What took the book over the top was just the quality of its prose. It felt both easy to follow, but had depth. Also, for some reason I couldn’t help but to picture one of the main characters, Alice, as Dakota Johnson. In any case, once I was done reading it, my other main thought was “I want to write something this good.”
Here is one of my favorite passages from it:
So: two passports, two nationalities, no native soil. I once heard that, perhaps as compensation for their rootlessness, babies born on planes are granted free flights on the parturitive airline for life. And it’s a winsome idea: the stork that delivers you remains yours to ride here and there and everywhere, until it’s time for you to return to the great salt marsh in the sky. But, as far as I know, I was never offered such a bonus. Not that it would have done me much good. Initially, we did all our sneaking back on the ground, via Amman. Then Iraq invaded Kuwait and all American passport holders were grounded from riding Iraqi storks for what would amount to thirteen years.
Favorite Non-Fiction Book: The Art of Spending Money by Morgan Housel
I think there are different kinds of writers:3 There are explorers, those who sound crazy because they are going way out there to explore the limits of language and understanding; there are storytellers who are masterful at keeping your nose glued on the page; there are synthesizers who are just damn good at taking complex ideas and simplifying them. Morgan is one of the best, if not the best “synthesizer” writer of his generation. The book has many great ideas that I love, but here are three that are worth sharing.
1) Nice life = independence + purpose. And independence/freedom is the true measure of wealth (not your bank account).
2) What brings happiness is the contrast between what you have now and whatever you were just expecting (he also advocates keeping your expectations low, which I generally agree with).
3) In his words: “People become so nervous about what other people think of their lifestyle and investing decisions that they end up doing two things: performing for others, and copying a strategy that might work for someone else, but isn’t right for them.” Yep.

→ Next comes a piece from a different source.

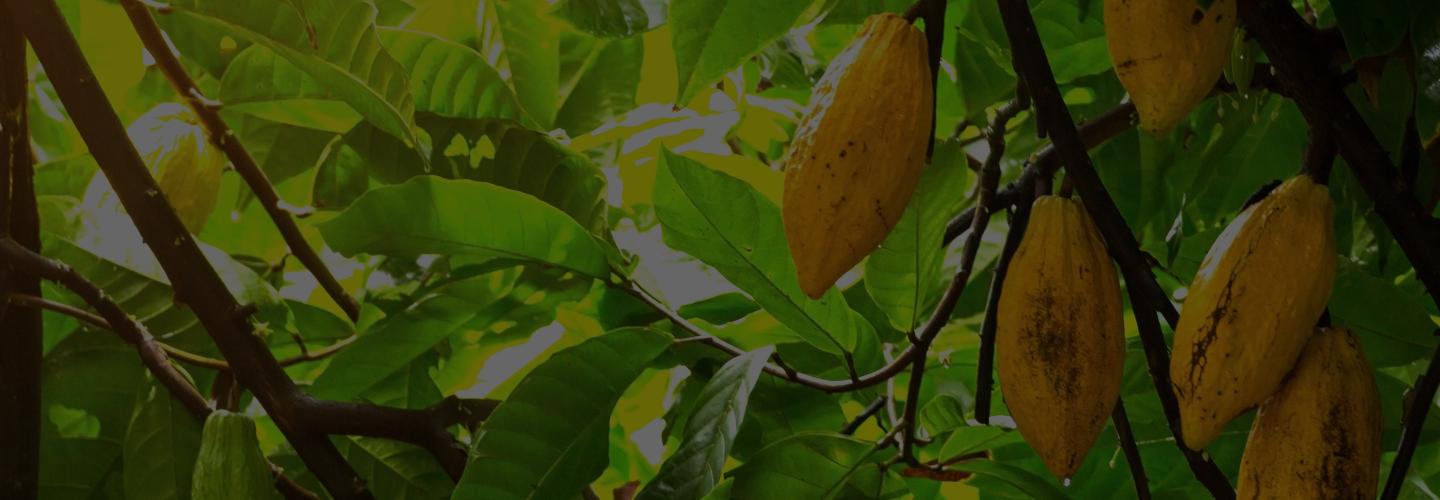 Certifikované kakao a stromy | Nutella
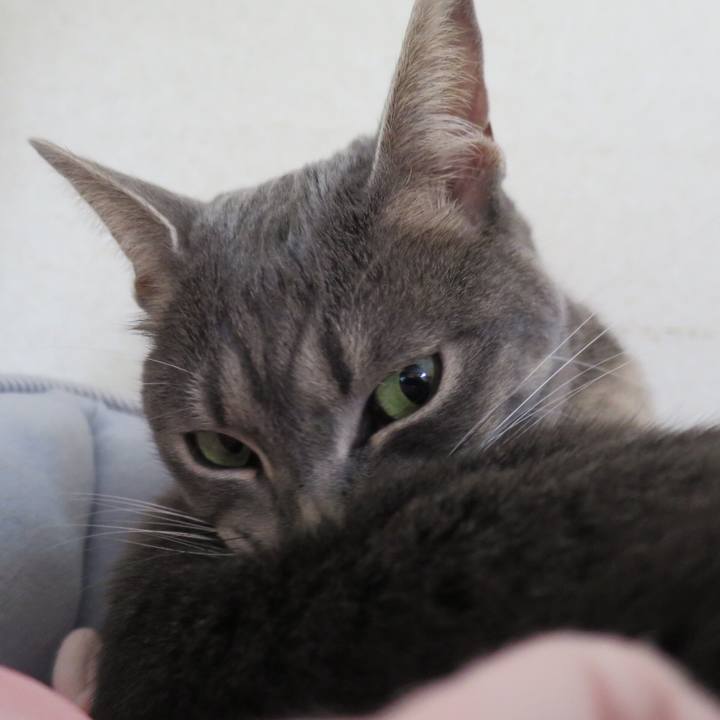 Db4d916d 633a 49d5 a125 23b6a3baa520 1527298143577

That’s been me!
Honorable mention: Honorable mention to the honorable Ursula K. Le Guin. She was the author I read the most from/about this year. She’s just awesome. I’ll probably write more about her in the future (because she’s a masterful thinker and writer), but if you haven’t picked up any of her writing, I recommend you do so. Start with the The Lathe of Heaven.
Outro: Why do we read?
I’ll trade the royal “we” for the certainty of the “I.” I read to learn, to escape, to converse. Books are a conversation and whenever I visit a bookstore, I’m in tremendous awe of the thousands of individuals who spent hundreds or thousands of hours putting something out into the world that they are hoping a few people will choose to converse with. I read because I want to converse with these authors, to see what their ideas spark in me, and because a well-written phrase, passage, is one of the most consistent levers of joy that I’ve found in my life.
Ultimately, I read because of the effect of having conversed with the pages. In the words of Mexican writer Gabriel Zaid from So Many Books: Reading and Publishing in an Age of Abundance:
“What matters is how we feel, how we see, what we do after reading; whether the street and the clouds and the existence of others mean anything to us; whether reading makes us, physically, more alive.”

A Japanese term that loosely means the art of buying books and leaving them unread. Tsundoku was explored beautifully in this essay by my friend Alex Michael.
Incidentally, “asymmetry” has become one of my favorite words. And the fact that there an asymmetry in how the word is formed makes it even more delightful.
This is a theory in progress, so please indulge me.